Ammonia Volatilization from Flooded Soil Systems: A Computer Model. III. Validation of the Model

An NH 3 ‐volatilization model predicting NH 3 loss as a function of five input variables was validated using a wind tunnel to simulate rice paddy conditions and direct field experiments. A total of five variables in a central composite statistical design were compared to study the interactive effects of NH 4 ‐N concentration, pH, temperature, wind speed, and water depth. Experiments were also conducted in a flooded rice field with polypropylene basins placed at water level. Samples were collected every hour for determination of NH 4 ‐N concentration. Temperature, pH, and wind speed were recorded continuously, and water depth was constant. Wind‐tunnel data showed that the model predicted observed values with excellent accuracy in the range of conditions found in flooded rice systems.
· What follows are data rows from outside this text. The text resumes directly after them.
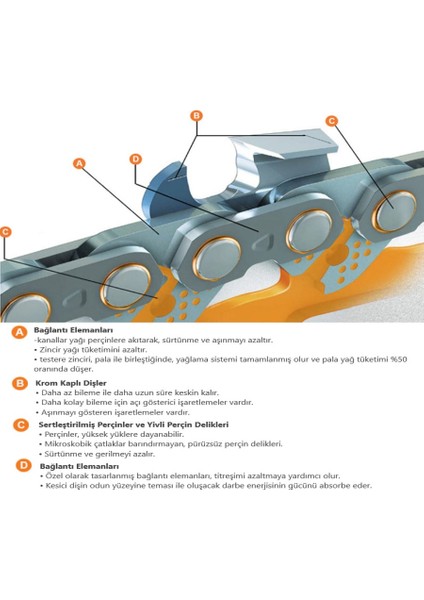 Husqvarna 61 268 272 3/8 36 Diş Pala Zincir Yağ Eğe Buji Set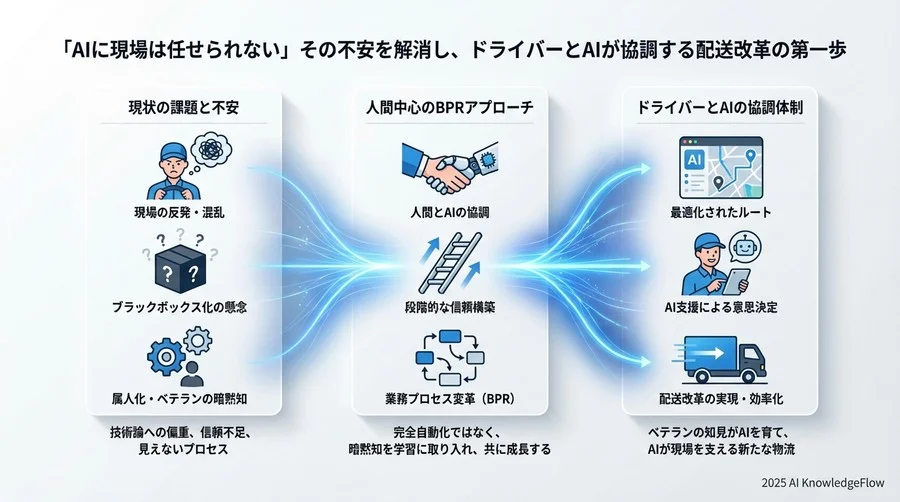 心得4：ドライバーへの「メリット提示」を最優先する - Section Image 3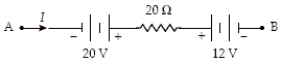 What is the potential difference VB - VA when the I = 1.5 A in the circuit segment below?   A) +22 V B) (-22 V)  C) (-38 V)  D) +38 V E) +2.0 V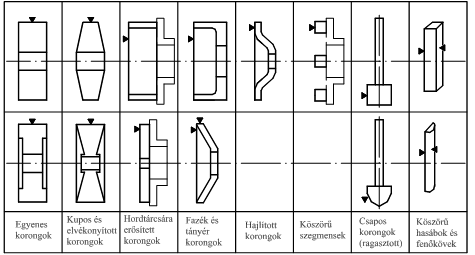 FORGÁCSOLÁS HATÁROZATLAN ÉLGEOMETRIÁJÚ SZERSZÁMMAL - KÖSZÖRÜLÉS Köszörülési módok: 1.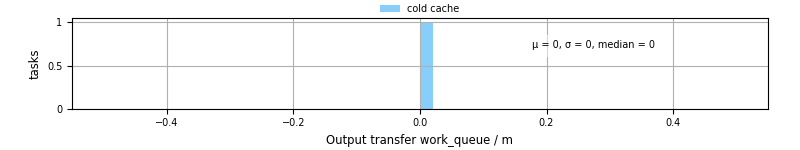 Time between WQ task.receive_output_start and task.receive_output_finish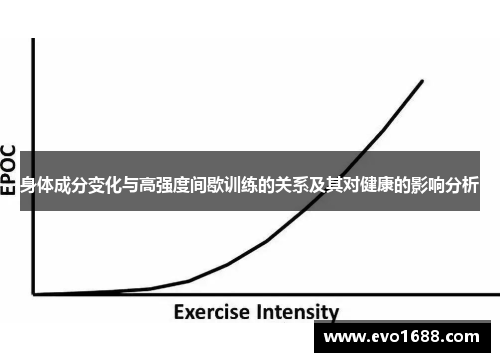 身体成分变化与高强度间歇训练的关系及其对健康的影响分析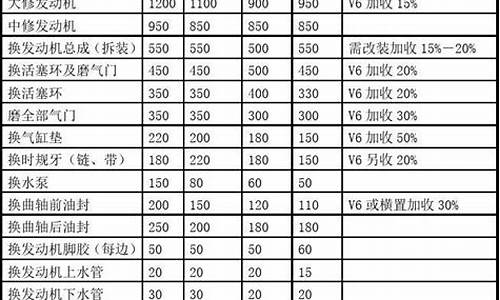 汽车烧机油维修大概多少钱,汽车烧机油维修价格表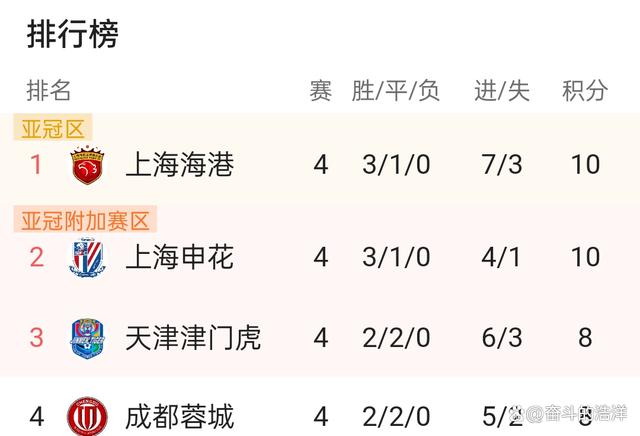 新赛季中超联赛排名(新赛季中超联赛各家俱乐部)  第1张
The regression of predicted NH 3 loss on observed losses resulted in an r 2 of 0.98 and a regression slope of 0.99. Field experiments also showed very close agreement between predicted and experimental values with 6‐, 12‐, and 24‐h averages of pH, temperature, and wind speed. The model validation confirmed the theory that NH 3 volatilization is a function of NH 3 (aq) concentration and the volatilization rate constant for NH 3 , which are dependent on five variables: floodwater NH 4 concentration, pH, temperature, water depth, and wind speed. The model is theoretically sound and predicts NH 3 loss with a high level of accuracy using a menu‐driven computer program with easily measurable variables, and can be used in comparison studies of NH 3 loss at the same site.